Aug. 10 (Bloomberg) -- South Korean police raided Google Inc.’s Seoul office as part of an investigation into possible breaches of privacy laws resulting from the company’s collection of data for its Street View mapping service.
Law-enforcement officials confiscated materials from Google in a raid today and will ask the company to surrender all data that may have been collected illegally from late last year until May, the Korean National Police Agency said in a statement. Google said it will cooperate with the investigation.
The Korean authorities follow investigations in Europe and the U.S. over Google’s data collection. The probes began after the company said in May that it had mistakenly gathered wireless Internet data while photographing residential streets worldwide.
“We will cooperate with the investigation and answer any questions they have,” Google said in an e-mail.
Google, whose Street View service allow users to click on maps to see 360-degree views of roads, is entangled in regulatory disputes in several countries related to online searches, advertising and maps.
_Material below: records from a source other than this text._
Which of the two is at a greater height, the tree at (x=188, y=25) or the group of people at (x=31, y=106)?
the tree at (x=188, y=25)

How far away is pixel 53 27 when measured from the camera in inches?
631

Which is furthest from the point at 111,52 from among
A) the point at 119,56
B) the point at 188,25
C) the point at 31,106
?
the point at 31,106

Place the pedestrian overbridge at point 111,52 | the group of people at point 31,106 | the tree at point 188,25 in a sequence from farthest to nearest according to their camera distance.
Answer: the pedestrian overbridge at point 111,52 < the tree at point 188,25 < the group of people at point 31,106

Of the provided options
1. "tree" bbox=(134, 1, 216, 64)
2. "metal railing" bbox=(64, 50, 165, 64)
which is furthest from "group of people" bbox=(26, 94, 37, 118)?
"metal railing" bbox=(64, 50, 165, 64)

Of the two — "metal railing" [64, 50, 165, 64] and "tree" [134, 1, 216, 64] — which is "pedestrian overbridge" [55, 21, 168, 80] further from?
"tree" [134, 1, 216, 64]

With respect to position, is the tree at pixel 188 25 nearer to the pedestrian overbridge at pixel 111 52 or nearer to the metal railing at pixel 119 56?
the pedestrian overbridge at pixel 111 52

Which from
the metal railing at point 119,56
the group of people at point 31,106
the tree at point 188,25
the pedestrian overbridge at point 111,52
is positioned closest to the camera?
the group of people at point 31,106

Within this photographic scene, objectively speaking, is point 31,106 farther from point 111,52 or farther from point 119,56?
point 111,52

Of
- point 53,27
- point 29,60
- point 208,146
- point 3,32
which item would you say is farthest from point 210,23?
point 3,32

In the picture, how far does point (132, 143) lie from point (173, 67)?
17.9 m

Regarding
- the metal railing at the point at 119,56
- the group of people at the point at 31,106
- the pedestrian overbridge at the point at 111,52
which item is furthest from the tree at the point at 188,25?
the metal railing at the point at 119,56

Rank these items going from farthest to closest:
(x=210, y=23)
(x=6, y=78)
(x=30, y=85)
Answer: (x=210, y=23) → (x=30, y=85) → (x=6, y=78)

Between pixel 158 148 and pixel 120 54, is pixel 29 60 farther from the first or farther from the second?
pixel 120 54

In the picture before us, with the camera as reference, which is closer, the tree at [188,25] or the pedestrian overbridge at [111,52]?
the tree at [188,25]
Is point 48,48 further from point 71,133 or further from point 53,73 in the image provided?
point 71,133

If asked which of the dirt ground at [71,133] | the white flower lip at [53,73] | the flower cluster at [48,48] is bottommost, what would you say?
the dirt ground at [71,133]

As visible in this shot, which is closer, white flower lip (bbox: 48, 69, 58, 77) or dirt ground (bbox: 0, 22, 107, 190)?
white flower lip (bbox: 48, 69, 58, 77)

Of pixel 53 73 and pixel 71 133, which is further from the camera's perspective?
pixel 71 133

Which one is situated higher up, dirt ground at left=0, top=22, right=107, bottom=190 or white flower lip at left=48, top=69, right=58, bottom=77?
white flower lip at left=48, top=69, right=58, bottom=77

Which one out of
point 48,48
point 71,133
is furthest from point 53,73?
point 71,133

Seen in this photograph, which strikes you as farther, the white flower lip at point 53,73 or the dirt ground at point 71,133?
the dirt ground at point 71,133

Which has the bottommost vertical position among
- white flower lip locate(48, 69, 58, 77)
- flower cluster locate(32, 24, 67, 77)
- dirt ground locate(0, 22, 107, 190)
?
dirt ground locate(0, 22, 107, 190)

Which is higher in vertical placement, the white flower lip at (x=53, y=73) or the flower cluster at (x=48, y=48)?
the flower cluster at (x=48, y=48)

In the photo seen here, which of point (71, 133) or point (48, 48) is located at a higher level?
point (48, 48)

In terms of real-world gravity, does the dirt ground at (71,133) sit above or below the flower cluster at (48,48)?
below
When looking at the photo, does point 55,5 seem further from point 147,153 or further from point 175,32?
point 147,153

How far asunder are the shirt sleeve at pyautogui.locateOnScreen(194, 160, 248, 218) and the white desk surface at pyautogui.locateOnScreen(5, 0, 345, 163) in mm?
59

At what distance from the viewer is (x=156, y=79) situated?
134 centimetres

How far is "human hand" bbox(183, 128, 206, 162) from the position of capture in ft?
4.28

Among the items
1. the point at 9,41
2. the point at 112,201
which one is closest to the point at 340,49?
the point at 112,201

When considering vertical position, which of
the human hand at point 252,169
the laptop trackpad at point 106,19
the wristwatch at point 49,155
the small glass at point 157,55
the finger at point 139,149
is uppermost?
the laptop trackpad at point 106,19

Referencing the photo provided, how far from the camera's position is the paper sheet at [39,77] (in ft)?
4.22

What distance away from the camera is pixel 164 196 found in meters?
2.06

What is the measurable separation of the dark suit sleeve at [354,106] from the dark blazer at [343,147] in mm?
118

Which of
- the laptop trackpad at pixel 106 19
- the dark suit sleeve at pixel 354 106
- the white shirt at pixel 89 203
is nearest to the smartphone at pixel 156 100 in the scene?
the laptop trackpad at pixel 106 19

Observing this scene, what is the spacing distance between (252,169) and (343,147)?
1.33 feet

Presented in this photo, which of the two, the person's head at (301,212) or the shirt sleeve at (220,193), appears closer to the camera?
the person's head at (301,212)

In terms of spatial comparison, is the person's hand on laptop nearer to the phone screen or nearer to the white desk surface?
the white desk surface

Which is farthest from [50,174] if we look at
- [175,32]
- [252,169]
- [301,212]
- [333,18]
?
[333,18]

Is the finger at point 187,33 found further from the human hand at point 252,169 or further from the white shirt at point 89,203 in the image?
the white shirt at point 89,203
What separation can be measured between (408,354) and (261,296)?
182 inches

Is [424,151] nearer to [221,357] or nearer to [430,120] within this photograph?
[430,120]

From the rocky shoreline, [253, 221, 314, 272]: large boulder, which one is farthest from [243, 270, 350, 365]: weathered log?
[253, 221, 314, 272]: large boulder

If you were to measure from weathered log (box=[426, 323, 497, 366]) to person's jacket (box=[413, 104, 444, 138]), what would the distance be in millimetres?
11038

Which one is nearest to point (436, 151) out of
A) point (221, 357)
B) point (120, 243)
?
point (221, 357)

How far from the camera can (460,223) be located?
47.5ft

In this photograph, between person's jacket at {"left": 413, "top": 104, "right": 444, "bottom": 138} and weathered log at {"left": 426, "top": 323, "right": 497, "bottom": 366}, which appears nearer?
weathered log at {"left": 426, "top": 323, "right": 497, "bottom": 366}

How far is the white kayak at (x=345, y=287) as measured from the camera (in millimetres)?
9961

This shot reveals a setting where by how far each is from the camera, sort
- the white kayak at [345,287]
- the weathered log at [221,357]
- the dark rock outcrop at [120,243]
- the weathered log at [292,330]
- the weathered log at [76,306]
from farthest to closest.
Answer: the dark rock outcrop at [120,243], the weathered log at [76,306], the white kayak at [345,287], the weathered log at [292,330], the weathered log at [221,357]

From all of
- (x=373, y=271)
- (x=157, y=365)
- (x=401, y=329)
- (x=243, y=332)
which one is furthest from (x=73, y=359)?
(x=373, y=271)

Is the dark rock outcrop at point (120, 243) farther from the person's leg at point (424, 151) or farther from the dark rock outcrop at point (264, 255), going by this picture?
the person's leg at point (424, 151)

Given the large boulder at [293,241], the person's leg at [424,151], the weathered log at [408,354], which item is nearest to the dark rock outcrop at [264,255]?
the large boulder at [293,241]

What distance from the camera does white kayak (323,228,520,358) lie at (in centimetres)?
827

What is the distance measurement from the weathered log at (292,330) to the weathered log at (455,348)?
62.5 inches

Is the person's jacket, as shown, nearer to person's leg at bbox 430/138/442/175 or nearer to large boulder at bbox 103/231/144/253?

The South Korean police said it began investigating Google after it learned that Google saved private data collected over wireless networks.
Hong Kong’s privacy commissioner said last month the Internet company won’t face a formal investigation in the city because the data collected didn’t contain any “meaningful” information on individuals, echoing comments from the U.K.’s Information Commissioner’s Office.
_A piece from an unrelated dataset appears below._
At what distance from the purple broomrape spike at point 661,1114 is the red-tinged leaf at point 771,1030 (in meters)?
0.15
Australia’s Privacy Commissioner Karen Curtis said last month Google will consult with the regulator for any “significant” new products in Australia during the next three years after the company apologized for collecting personal information.
Still, the company has been sued in California over claims Google’s Street View program violates federal wiretapping and California privacy laws.
Google said on July 9 it would resume dispatching cars in Ireland, Norway, South Africa and Sweden to collect imagery for the Street View service after the company removed gear that scanned private information.